Beavercreek Police Officer Sean Williams, responding to a 9-1-1 call about a man carrying a gun, shot Crawford to death. A Greene County grand jury declined to indict anyone and the federal justice department is investigating.

“This grand jury, the message they sent out is basically that police officers can kill innocent people with impunity and get away with it,” said Vaduva, who carried a loaded P-90 firearm.

“The grand jury got it wrong,” said Rob Jones, 48, of Dayton, who taped a “WANTED” poster featuring Williams on a pole where protesters stood.

“I’m here to protest the illegal killing of an innocent,” said Rick Freehoff, 29, of Franklin, who carried an AK-47.

A Beavercreek Police spokesman could not be reached for comment.

After about two hours outside some of the protesters went inside the Walmart with their guns and roamed through the store shopping and talking. Walmart has no prohibition on bringing weapons inside.

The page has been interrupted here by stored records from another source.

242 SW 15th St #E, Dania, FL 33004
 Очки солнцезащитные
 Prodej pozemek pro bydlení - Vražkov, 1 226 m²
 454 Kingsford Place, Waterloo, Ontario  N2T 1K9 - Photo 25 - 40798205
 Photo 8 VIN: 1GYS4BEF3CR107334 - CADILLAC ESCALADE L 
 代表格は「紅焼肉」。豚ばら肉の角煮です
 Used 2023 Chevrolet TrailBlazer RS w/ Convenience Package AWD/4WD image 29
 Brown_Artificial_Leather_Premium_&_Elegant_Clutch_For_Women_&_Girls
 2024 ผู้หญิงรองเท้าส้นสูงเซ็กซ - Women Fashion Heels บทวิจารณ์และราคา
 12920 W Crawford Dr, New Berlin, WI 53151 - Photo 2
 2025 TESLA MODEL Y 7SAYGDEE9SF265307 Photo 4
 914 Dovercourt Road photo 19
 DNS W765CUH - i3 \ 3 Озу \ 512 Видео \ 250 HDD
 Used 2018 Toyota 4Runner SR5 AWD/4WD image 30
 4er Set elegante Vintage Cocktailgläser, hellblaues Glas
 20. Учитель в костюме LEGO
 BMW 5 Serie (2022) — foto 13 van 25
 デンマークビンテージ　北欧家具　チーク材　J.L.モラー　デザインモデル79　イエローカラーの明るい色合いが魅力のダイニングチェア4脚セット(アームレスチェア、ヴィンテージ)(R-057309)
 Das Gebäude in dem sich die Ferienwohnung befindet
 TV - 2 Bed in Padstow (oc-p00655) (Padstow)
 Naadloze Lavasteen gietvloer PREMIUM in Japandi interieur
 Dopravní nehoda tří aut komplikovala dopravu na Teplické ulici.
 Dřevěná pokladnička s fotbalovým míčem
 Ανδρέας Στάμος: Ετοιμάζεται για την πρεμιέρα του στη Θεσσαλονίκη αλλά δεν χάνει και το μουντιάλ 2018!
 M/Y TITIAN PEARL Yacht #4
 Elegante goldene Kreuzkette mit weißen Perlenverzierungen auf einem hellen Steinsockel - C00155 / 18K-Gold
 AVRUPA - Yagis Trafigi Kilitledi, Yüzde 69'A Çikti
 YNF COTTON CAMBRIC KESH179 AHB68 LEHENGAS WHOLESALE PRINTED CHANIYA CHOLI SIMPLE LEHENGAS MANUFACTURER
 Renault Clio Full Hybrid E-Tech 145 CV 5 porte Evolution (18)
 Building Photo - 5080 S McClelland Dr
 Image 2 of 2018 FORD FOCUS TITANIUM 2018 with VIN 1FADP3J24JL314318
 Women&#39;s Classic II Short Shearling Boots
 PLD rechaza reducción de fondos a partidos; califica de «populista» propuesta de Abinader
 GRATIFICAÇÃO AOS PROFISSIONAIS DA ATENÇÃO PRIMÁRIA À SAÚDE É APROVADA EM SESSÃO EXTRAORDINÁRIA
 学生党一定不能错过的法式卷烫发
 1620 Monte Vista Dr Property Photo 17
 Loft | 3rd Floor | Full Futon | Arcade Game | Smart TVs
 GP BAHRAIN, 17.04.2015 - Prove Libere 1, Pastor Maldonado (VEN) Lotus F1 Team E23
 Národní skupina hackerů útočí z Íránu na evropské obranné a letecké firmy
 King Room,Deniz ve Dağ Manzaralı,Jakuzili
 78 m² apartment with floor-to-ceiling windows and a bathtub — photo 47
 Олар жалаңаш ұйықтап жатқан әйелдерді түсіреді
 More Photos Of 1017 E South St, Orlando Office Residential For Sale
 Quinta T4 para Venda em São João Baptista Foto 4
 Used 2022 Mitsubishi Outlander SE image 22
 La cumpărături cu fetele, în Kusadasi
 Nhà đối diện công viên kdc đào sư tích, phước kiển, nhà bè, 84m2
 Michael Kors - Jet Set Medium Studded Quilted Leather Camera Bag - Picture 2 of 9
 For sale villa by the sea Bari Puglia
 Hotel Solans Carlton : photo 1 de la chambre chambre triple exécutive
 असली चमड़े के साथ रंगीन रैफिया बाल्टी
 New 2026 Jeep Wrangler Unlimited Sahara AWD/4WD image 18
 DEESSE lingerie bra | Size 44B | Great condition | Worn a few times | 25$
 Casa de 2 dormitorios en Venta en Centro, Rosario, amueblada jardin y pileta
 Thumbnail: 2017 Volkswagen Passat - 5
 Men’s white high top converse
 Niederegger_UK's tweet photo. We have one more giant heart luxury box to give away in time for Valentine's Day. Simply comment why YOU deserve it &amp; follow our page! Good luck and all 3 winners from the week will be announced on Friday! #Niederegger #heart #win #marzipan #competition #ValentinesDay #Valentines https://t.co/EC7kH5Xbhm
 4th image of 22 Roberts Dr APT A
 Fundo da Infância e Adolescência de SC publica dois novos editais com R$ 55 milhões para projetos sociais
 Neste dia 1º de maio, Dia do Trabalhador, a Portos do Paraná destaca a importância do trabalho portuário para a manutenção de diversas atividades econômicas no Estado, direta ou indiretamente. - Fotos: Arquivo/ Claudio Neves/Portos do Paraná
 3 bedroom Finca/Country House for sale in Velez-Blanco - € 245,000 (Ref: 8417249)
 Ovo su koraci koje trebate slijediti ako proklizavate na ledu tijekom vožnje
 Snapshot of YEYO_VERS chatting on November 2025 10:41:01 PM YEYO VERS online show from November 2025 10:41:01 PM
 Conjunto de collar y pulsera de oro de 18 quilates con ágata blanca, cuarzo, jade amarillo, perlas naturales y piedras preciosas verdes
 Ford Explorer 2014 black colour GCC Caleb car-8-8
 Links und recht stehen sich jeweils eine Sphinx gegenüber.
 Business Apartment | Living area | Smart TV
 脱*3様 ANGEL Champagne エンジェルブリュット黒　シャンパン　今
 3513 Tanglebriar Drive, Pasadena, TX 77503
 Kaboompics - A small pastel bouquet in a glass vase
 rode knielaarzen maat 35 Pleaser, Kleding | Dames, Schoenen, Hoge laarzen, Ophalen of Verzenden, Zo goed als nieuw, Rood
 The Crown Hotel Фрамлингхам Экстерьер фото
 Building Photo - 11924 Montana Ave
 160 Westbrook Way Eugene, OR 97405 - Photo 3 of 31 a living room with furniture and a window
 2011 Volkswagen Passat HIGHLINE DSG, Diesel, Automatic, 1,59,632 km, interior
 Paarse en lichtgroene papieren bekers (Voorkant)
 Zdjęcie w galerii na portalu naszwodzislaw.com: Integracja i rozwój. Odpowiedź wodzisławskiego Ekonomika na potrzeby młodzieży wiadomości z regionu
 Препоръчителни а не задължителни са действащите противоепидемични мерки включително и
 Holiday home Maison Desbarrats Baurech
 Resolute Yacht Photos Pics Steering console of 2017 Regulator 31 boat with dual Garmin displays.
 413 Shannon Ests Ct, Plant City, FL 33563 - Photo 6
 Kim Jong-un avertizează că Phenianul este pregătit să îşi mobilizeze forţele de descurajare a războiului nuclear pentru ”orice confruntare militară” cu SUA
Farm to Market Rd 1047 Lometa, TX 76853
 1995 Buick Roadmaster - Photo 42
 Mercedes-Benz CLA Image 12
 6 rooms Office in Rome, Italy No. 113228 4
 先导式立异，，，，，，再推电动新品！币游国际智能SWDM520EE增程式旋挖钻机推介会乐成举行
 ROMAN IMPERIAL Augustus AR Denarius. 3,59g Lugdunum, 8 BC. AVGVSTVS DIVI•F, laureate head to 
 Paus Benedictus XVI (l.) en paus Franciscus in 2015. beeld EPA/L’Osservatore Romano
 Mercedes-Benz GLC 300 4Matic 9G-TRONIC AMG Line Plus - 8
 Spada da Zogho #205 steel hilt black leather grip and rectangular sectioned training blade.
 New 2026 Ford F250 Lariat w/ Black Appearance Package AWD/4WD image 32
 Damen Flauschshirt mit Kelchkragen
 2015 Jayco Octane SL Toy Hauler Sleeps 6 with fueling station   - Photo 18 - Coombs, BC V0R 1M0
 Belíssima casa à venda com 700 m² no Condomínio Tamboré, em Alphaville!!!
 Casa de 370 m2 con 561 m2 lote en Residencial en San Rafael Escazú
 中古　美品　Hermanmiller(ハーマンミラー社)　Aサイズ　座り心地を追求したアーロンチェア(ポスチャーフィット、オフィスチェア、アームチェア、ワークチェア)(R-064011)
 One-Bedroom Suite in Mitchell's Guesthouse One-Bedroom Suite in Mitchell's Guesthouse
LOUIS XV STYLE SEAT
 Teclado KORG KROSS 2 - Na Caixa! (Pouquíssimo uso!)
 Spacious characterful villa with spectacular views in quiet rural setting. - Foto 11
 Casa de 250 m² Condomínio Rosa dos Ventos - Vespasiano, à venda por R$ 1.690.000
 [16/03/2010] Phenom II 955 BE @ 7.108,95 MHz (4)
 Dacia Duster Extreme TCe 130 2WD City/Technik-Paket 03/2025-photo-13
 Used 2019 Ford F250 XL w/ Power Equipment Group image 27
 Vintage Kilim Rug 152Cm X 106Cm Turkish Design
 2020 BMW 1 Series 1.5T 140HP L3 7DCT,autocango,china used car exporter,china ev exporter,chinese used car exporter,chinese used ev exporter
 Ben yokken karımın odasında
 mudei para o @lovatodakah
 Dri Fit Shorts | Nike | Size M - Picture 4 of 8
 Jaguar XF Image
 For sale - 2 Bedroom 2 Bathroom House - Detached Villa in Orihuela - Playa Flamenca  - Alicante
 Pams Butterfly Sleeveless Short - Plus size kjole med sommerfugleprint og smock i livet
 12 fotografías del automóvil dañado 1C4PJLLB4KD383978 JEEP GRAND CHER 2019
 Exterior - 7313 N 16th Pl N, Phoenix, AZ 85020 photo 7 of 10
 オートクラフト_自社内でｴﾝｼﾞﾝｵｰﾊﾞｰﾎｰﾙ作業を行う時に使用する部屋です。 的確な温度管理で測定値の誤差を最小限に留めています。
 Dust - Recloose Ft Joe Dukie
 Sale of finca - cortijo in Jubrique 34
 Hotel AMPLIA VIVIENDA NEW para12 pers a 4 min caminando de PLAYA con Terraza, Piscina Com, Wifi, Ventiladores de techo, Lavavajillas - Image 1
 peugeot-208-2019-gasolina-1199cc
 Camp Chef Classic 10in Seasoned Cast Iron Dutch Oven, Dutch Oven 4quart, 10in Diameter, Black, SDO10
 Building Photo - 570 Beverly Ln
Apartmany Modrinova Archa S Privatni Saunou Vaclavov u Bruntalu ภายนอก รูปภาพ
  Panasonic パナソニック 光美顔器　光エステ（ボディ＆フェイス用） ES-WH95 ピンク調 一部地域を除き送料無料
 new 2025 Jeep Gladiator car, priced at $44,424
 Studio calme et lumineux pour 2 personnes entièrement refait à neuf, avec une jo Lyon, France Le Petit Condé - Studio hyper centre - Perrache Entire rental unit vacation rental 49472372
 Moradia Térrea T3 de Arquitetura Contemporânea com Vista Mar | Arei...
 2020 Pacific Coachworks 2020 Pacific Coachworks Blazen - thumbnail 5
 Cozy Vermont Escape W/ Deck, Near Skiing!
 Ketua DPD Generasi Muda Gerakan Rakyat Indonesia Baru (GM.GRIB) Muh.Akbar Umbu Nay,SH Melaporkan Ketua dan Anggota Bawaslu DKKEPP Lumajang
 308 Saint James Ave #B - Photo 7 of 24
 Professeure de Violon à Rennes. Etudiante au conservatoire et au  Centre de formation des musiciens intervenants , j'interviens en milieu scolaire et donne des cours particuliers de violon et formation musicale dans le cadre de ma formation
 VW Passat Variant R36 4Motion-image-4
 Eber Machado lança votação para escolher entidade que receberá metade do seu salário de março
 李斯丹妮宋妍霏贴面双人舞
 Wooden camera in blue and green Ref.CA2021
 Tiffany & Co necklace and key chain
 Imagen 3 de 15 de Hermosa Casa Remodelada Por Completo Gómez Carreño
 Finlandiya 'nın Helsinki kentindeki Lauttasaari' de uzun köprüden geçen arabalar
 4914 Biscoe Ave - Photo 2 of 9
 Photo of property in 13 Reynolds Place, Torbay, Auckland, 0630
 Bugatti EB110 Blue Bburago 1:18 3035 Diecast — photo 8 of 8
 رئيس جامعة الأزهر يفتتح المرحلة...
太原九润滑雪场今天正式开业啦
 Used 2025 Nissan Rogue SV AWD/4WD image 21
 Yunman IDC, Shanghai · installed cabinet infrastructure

An onsite representative of a public relations firm hired by Walmart directed questions to the company’s corporate media line but no one responded by press time. The store had extra staff on duty at the doors during the rally and stationed throughout the store.

Wanda Miller and her 9-year-old grandson passed by Matt Raska, 24, as he looked at music CDs carrying his 1944 Mosin Nagant rifle. Miller, 51, of Dayton, said it didn’t worry her except for thinking, “I hope there isn’t another thing going on here.”

Raska, of Springfield, said he attended the rally because he wanted to draw attention to the death of Crawford and he came inside the store with his gun because he wants people to become more comfortable around weapons.